Der Typ macht keine halben Sachen, ist herrlich unsympathisch und
stürzt die halbe Welt ins Chaos. Kurz: Er muss weg!

Ihr schlüpft in die Rolle fünf unterschiedlicher Helden. Dass
Modern Warfare-Veteran MacTavish darunter ist, überrascht nicht.
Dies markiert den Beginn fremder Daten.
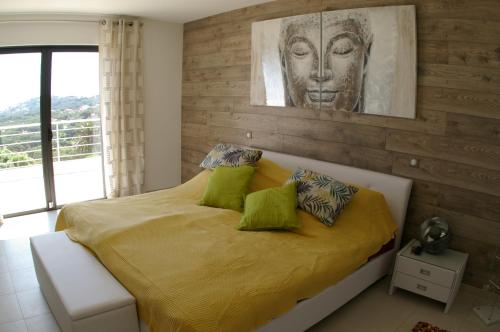une chambre avec un lit avec des draps et des oreillers jaunes dans l'établissement Villa Happiness Sainte-Maxime, à Sainte-Maxime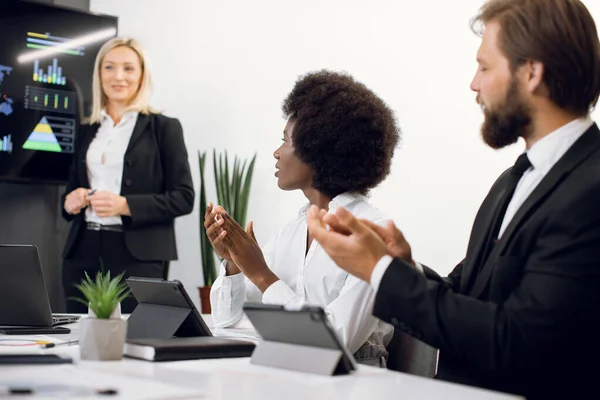 Gros plan des travailleurs corporatifs satisfaits heureux, hommes blancs et femmes d'affaires africaines, applaudissements mains après le discours professionnel de son patron blond femme. Focus sur dame noire — Photo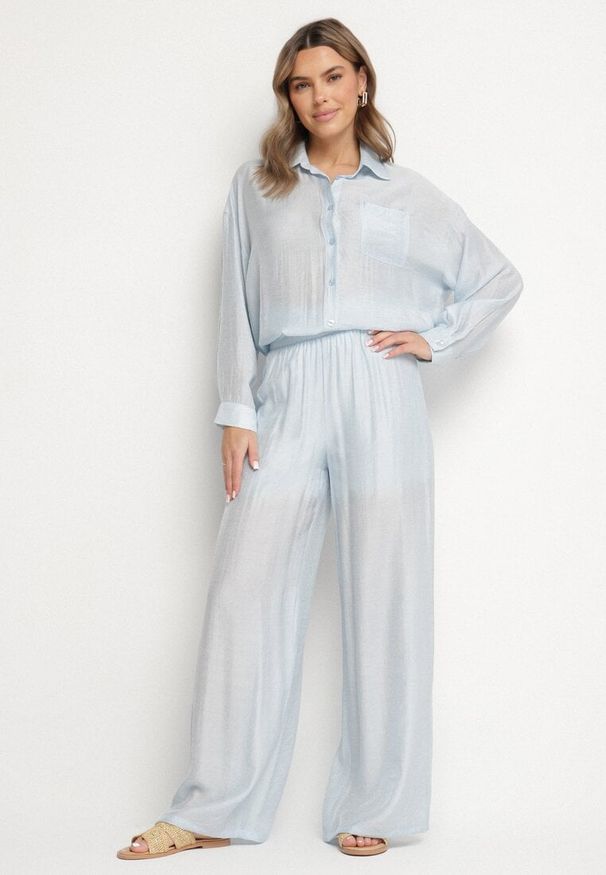 Born2be - Jasnoniebieskie Spodnie Palazzo o Szerokim Kroju z Gumką w Pasie i Wysokim Stanem Jenanetia. Okazja: na co dzień. Stan: podwyższony. Kolor: niebieski. Styl: klasyczny, casual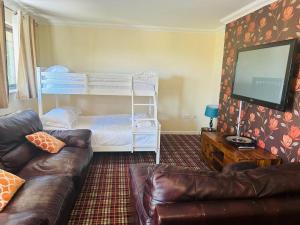 a living room with a couch and a bunk bed at One Bedroom Apartment with Balcony at Colliford Tavern & Holiday Site in Bodmin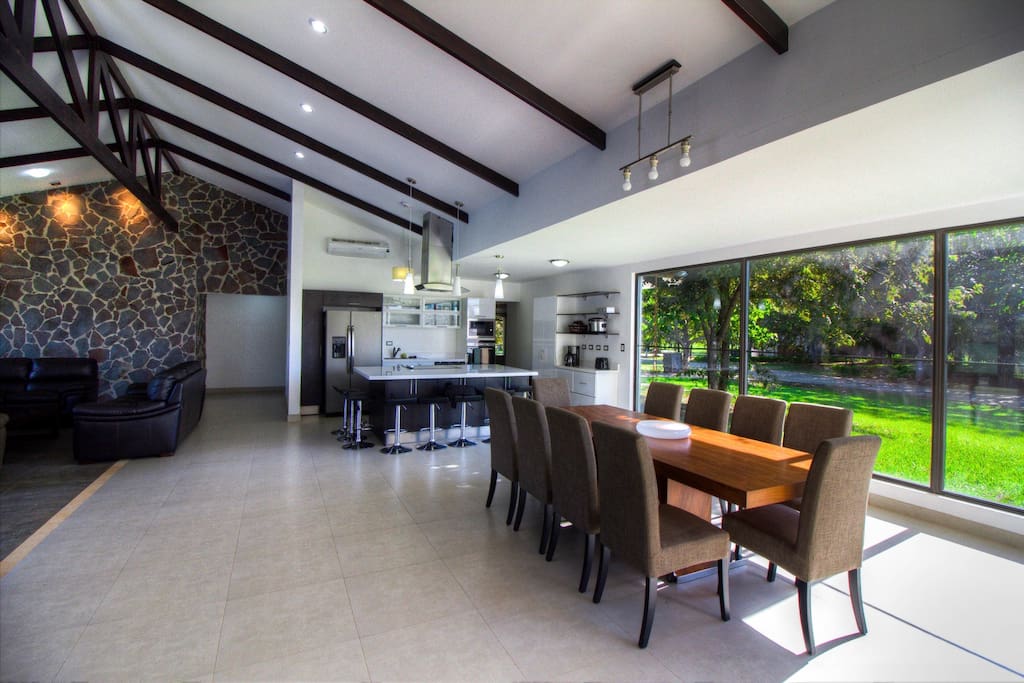 Spacious living area with kitchen and dining table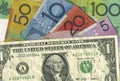 A crumpled US dollar bill over Australian money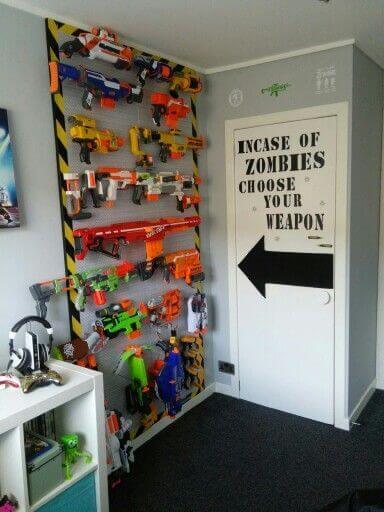 Toy gun display wall with vibrant Nerf blasters in a playful basement playroom. Whimsical sign reads, "Incase of Zombies Choose Your Weapon."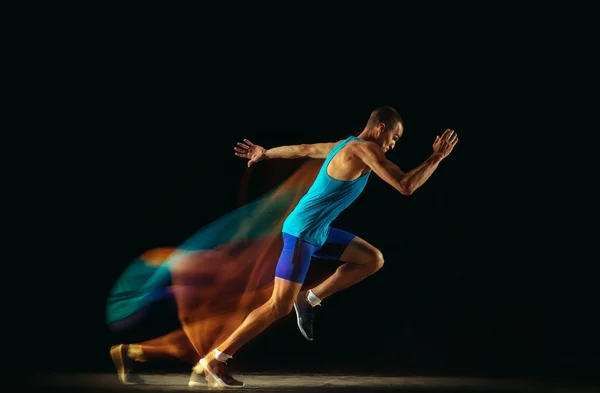 Professionelles Läufertraining isoliert auf schwarzem Studiohintergrund in gemischtem Licht — Stockfoto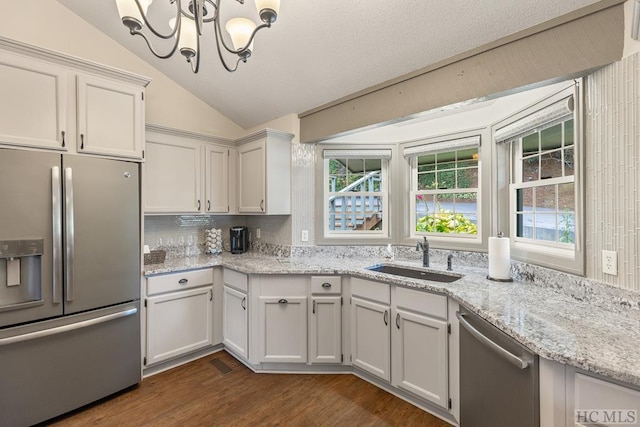 kitchen with sink, vaulted ceiling, stainless steel appliances, and white cabinets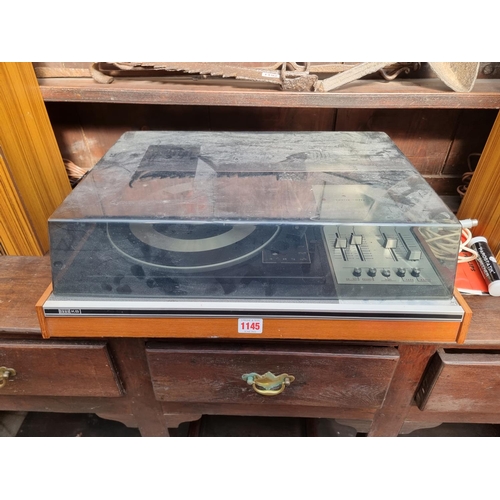 1145 - Hi-Fi Equipment: an ITT KB Twelve-Fifty record deck, with BSR C141 turntable, with instructions; tog...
Euer Weltraumspaziergang als ISS-Astronaut dafür um so mehr. Ist
die Story innovativ? Nein. Ist sie auf plumpe Art unterhaltsam? Und
wie!
Linear, aber genial
Die Grundlagen sind allen hinreichend bekannt. Kommen wir also
gleich zu den Besonderheiten von „MW2“. Genau wie im Vorgänger ist
alles ultralinear und bis in die Haarspitzen geskriptet. Das Spiel
treibt euch stur von einer Attraktion zur nächsten, beinahe wie
beim Besuch eines Erlebnisparks, wo die Mitarbeiter rufen: „Bitte
immer schön weitergehen und nicht die rote Linie übertreten!“
Infinity Ward haben das System aber dermaßen perfektioniert, dass
damit verbundene Einschränkungen kaum noch stören.
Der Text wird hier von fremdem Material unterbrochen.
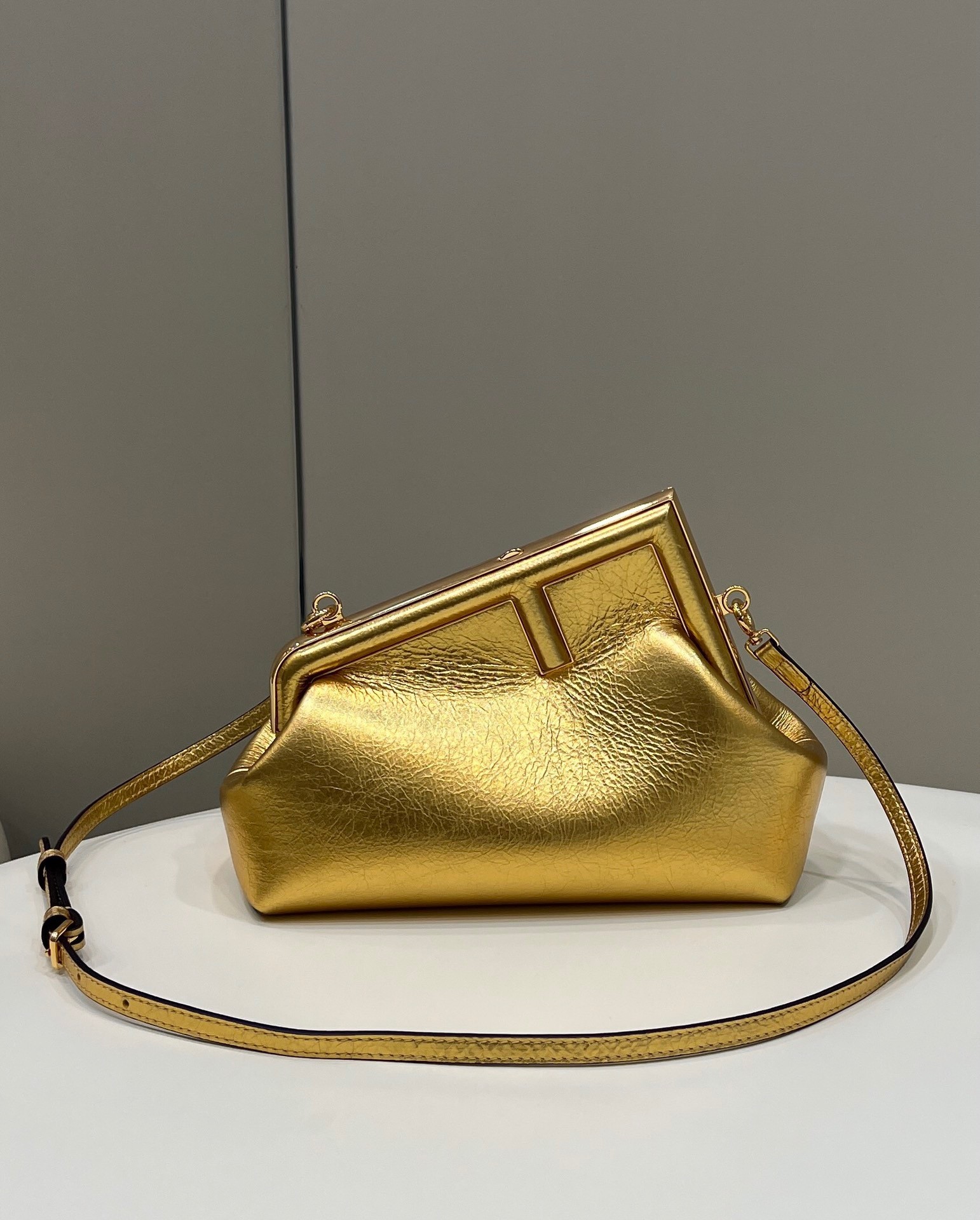 Fendi First Small Bag In Gold Laminated Leather 752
Hier lauft ihr nicht nur von A nach B und ballert tonnenweise
Gegner über den Haufen. Hier lauft ihr von A nach B, ballert
tonnenweise Gegner über den Haufen, rennt wieder nach A, steuert
zwischendurch Schneemobile, Jeeps und Motorboote, werdet Zeuge
eines atomaren Erstschlags, schleicht durch Ruinen und
Höhlensysteme und das war nicht mal die Hälfte von dem, was euch
erwartet.

Ehrlich: Ich hab beim Spielen stellenweise den Mund nicht mehr
zubekommen und wollte gar nicht wissen, ob es abseits der Pfade was
zu entdecken gibt. Im Vorgänger empfand ich die schlauchartigen
Levels noch als störend. Lag sicherlich auch am unendlichen
Gegnernachschub und ständigem Granatenhagel. In „MW2“ fliegen zwar
auch dauernd Grenades, wenn ihr zu lange auf einem Fleck verharrt,
aber wenigstens gehört unendliches Gegner-Spawning der
Vergangenheit an. Außerdem entdeckt man jetzt öfter Abzweigungen
und kleine Alternativrouten. Wenn ihr euch etwa durchs
brasilianische Elendsviertel kämpft, entpuppen sich die schmalen
Gassen als reinstes Labyrinth.
Poliert ohne Ende
Sämtliche Levels sind nicht nur spielerisch, sondern auch grafisch
unheimlich abwechslungsreich. Egal ob es sich dabei ums
postapokalyptische Washington, einen russischen Gulag oder eine
gekaperte Bohrinsel handelt. Alles sieht eben so aus, wie man es
sich vorstellt. Klar, wirkt so manche Textur aus nächster Nähe
pixelig, aber insgesamt ist „Modern Warfare 2“ eine absolute
Augenweide. Alles gestochen scharf, unheimlich lebendig und dank 60
fps superflüssig.

Um euch herum überschlagen sich dauernd die Ereignisse: ständig
erhaltet ihr neue Befehle, müsst eure Taktik überdenken und neuen
Gefahren trotzen. Manchmal scheint es, als würde die Welt vor euren
Augen untergehen. Hier passiert in sechs Stunden mehr, als im
vergangenen Spieljahr insgesamt, so scheint es.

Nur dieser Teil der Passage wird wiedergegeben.